After an unbearable thirty seconds, Raven and Starfire squeezed out of the tent dressed in their rumpled uniforms. Yawns struck their mouths in near perfect synchronization. "What now? Is the Puppet King stealing someone's box lunch?" Raven asked.
Cyborg struck her dumb with two words. "It's Robin. Smith just called. Robin and Superboy had a major brawl downtown. It didn't end well for Superboy. They just pulled him off of a flagpole with serious burns and contusions."

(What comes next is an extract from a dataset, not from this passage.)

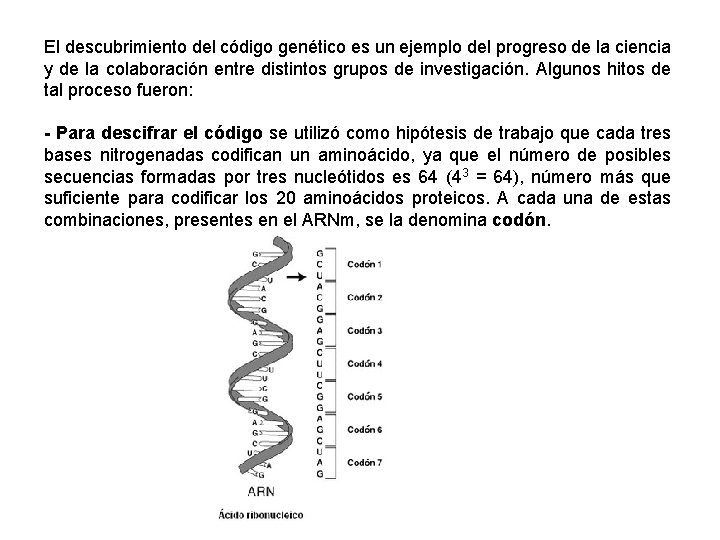 El descubrimiento del código genético es un ejemplo del progreso de la ciencia y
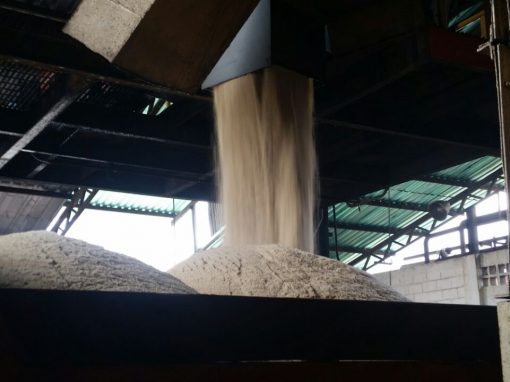 Centrales azucareros estatales son incapaces de garantizar el acceso oportuno y permanente del producto como prometió el presidente Chávez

"Will he—?" Starfire began.
"He's being taken to S.T.A.R. Labs for treatment," said Cyborg.
"Why would—?"
"We don't know," he said. "Nobody knows who started the fight. But we have dozens of eyewitnesses that say Robin sure as hell finished it."
One after the other, Beast Boy and Raven calcified their expressions to match Cyborg's. Only Starfire remained in disbelief. "Robin would not do this," she murmured. "He would not hurt his friend."
"I think Red X would disagree with you," Raven reminded her.
"So would Red Robin," said Cyborg. "We're mobilizing now, y'all. We're taking care of this tonight."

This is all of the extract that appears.